At the OSGIS UK conference last week the prize for best presentation went to Ken Arroyo Ohori of TU Delft and his talk on "Automatically repairing polygons and planar partitions". The presentation, jointly credited to Hugo Ledoux and Martijn Meijers detailed a method for cleaning up dodgy polygons which we've all probably seen in our geo-lifetimes.
I've noticed that computational geometry theorists seem averse to publishing code - its as if they don't want to sully the purity of their theory with dirty code, dealing with edge cases and arithmetic precision and all that. Not these guys. The code is on github, and I was eager to try it out. There was a lot of buzz about integrating this with PostGIS or QGIS or R, the stumbling block seeming to be the requirement for the CGAL library.
Anyway, back at Lancaster, and check out the code. Easy as:
git clone https://github.com/tudelft-gist/pprepair.git
make -f Makefile.linux
There were a couple of problems which I submitted as issues, but I managed to fix them before any response. Check these on the github issue tracker.

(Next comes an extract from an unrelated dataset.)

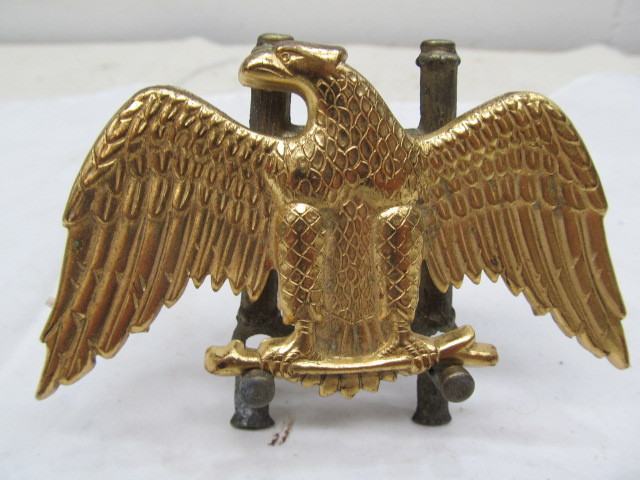 lot 156 image: LARGE Vintage Military Eagle Insignia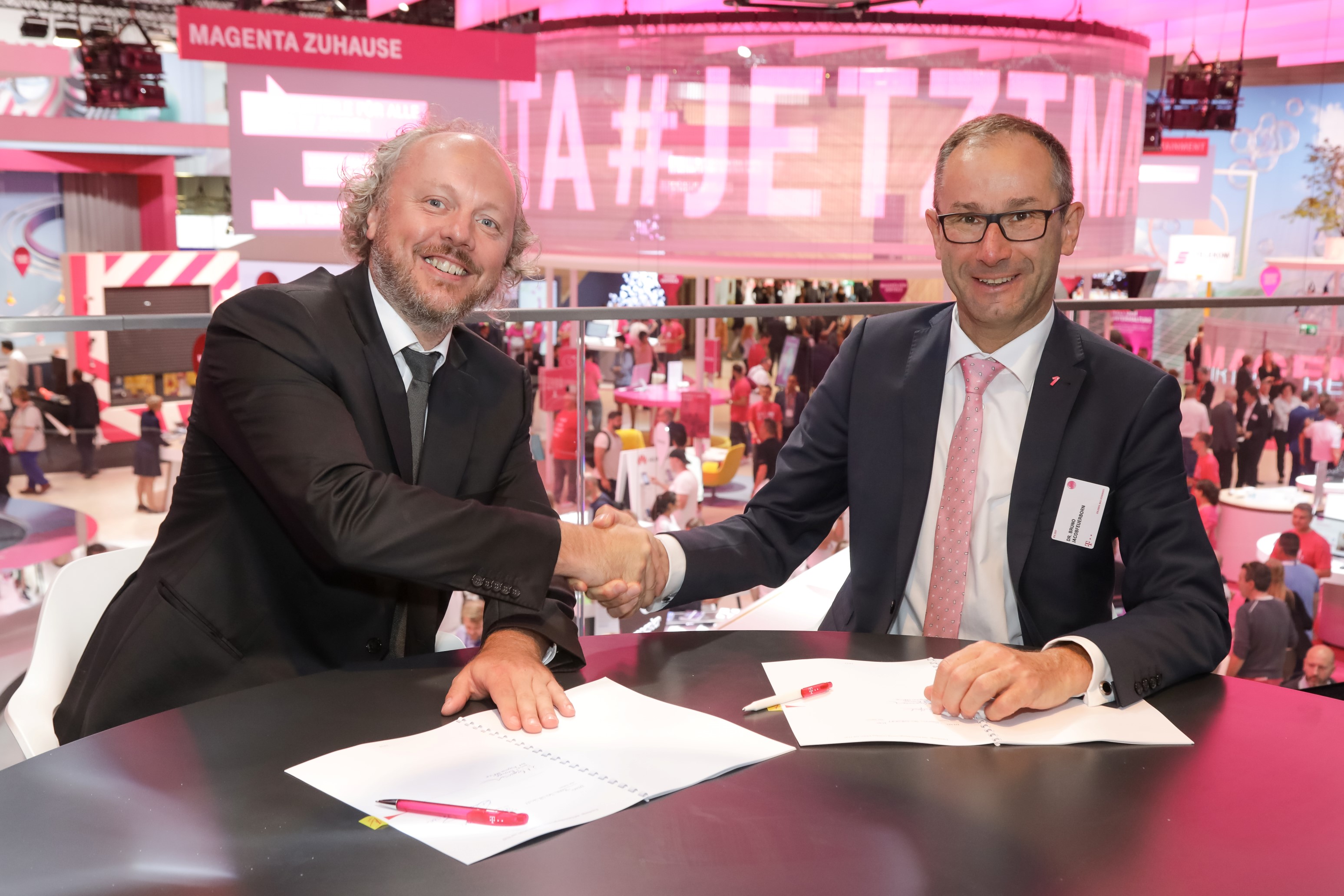 IFA 2017 Renewing of the Partnership between Deutsche Telekom and Deutsche Telekom Chair of Communication Networks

Then I wanted a sample dataset to test it on. From the workshop I gave at the UseR! conference I remembered some awful polygons outlining local police neighbourhood regions. I'd used it as an example of bad data. Some crime locations had fallen into cracks between the neighbourhood polygons, and some were in locations covered by more than one polygon. Maybe you could escape justice by claiming you were outside a police jurisdiction this way?
Here's what a small region looks like in Qgis:
Notice the white spaces between some polygons, and also the overlapping made visible by setting transparency.
The pprepair process is currently a command-line tool, but its options are simple. An input shapefile, an output shapefile and some repair parameters. But to start, all you need is "-fix".
pprepair -i neighbourhoods.shp -o fixed.shp -fix
Loading this into Qgis looks much nicer:
Ken's presentation claimed big wins on speed and memory usage over similar algorithms in both open-source and proprietary GIS packages. Once the licensing requirements of the CGAL library are solved, it would be great to see this algorithm pop up in all the open-source geospatial systems.